(How to complete this task): In the entries below, find the line with "Bossier City House: 4213 Lark St" and the line with "Used 2021 GMC". Repeat exactly everything between them, those two lines included, but not the pictures.

(Given information):
======

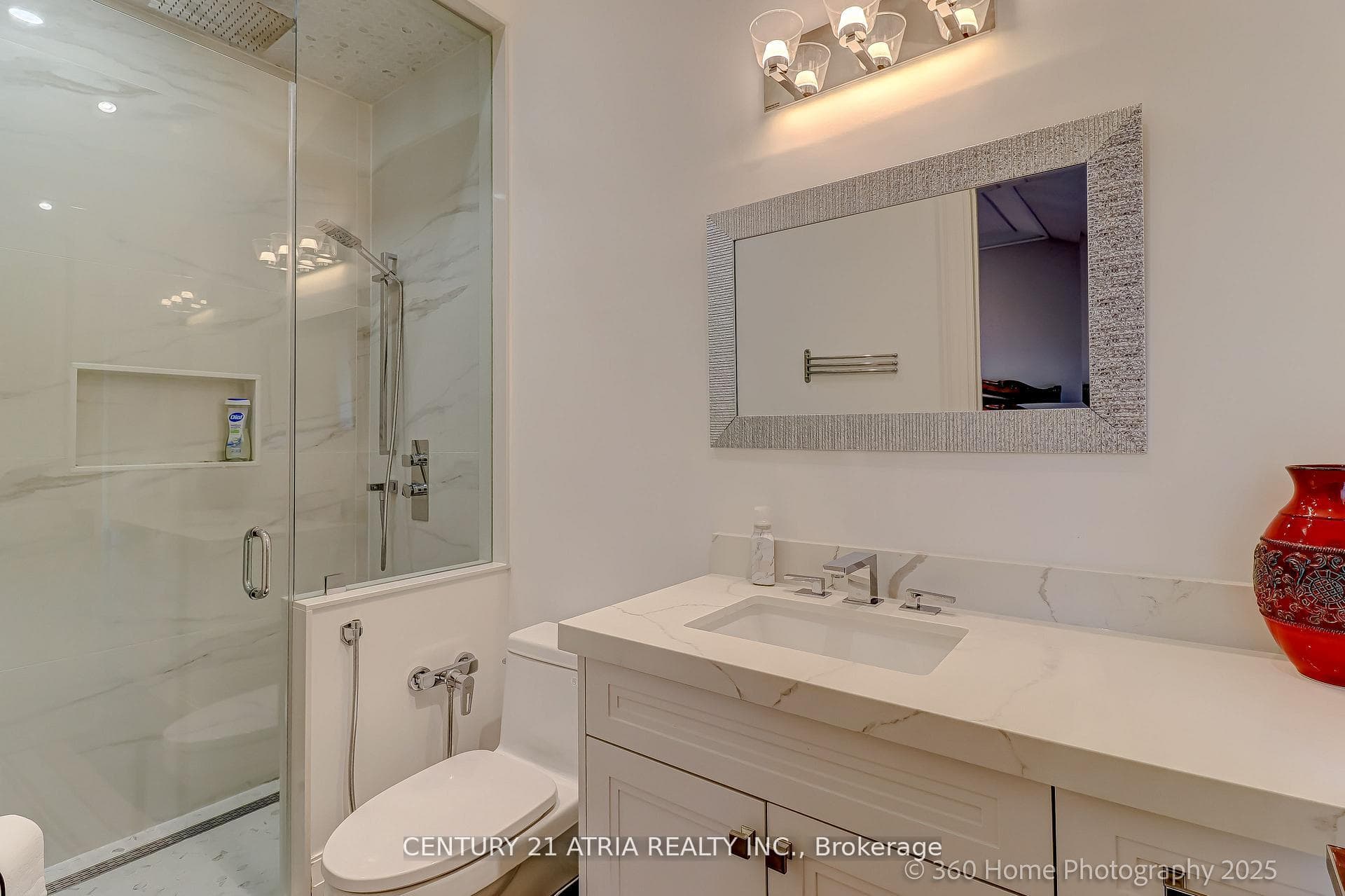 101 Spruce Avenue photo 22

======

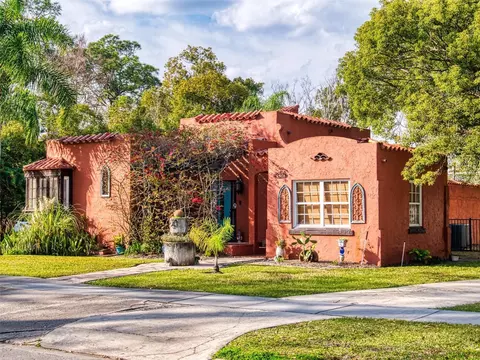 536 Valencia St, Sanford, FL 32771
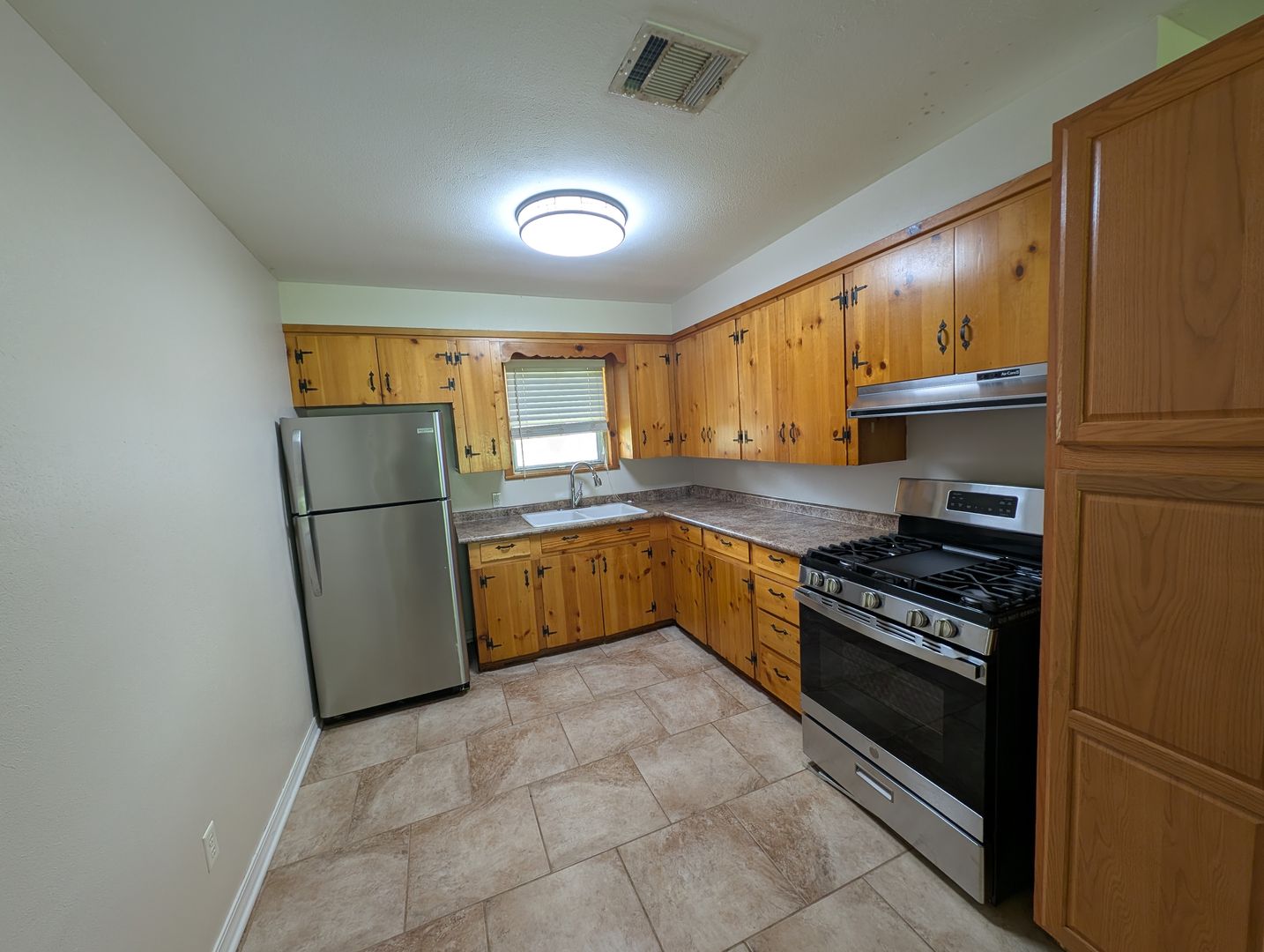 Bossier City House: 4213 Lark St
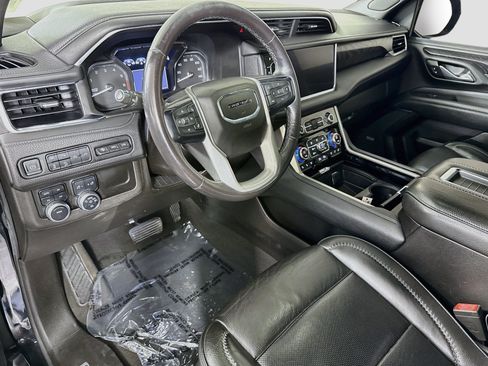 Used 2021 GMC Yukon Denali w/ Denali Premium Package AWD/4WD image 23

======

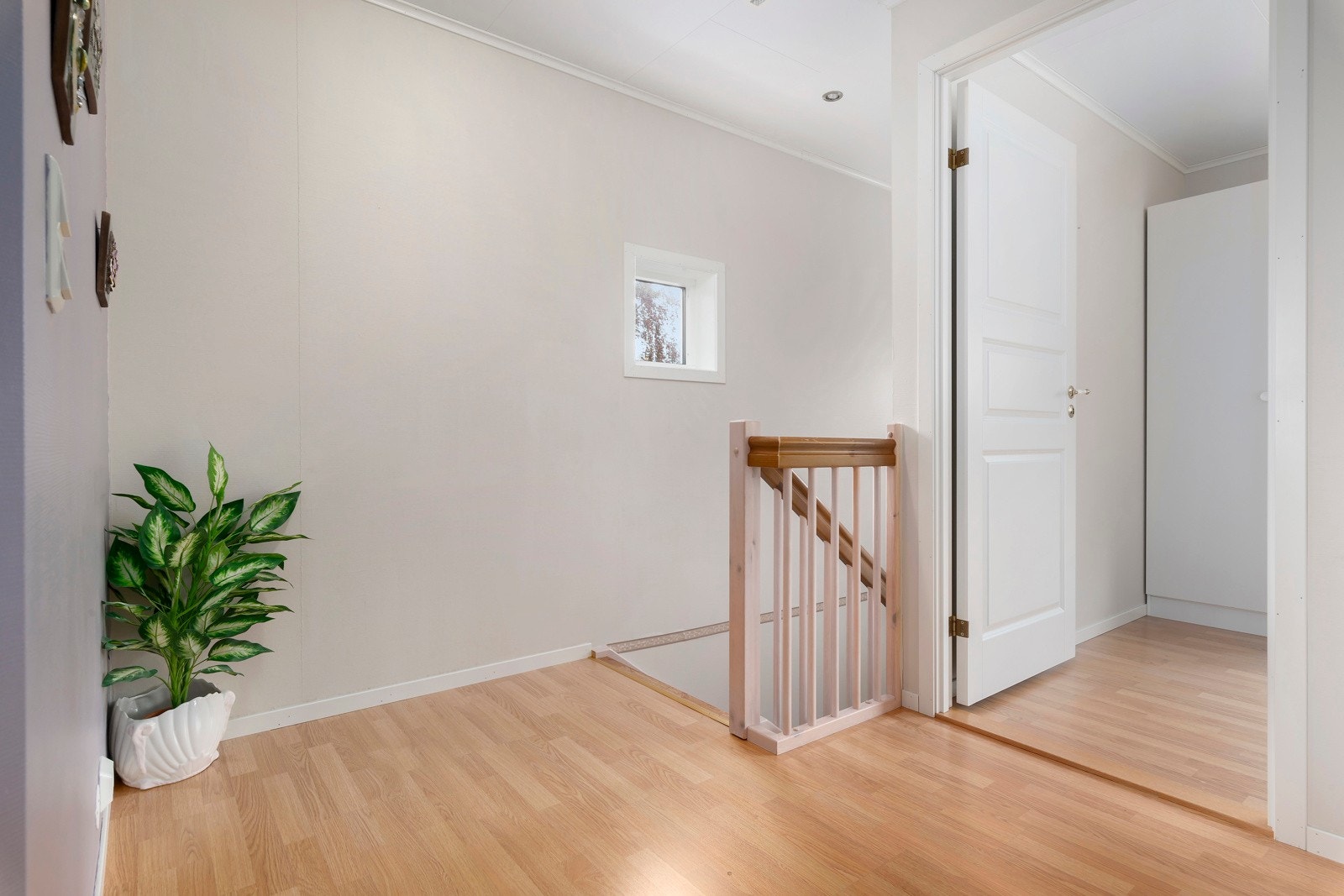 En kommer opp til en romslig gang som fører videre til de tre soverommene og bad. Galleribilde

======

(Task result):
 Bossier City House: 4213 Lark St
 Used 2021 GMC Yukon Denali w/ Denali Premium Package AWD/4WD image 23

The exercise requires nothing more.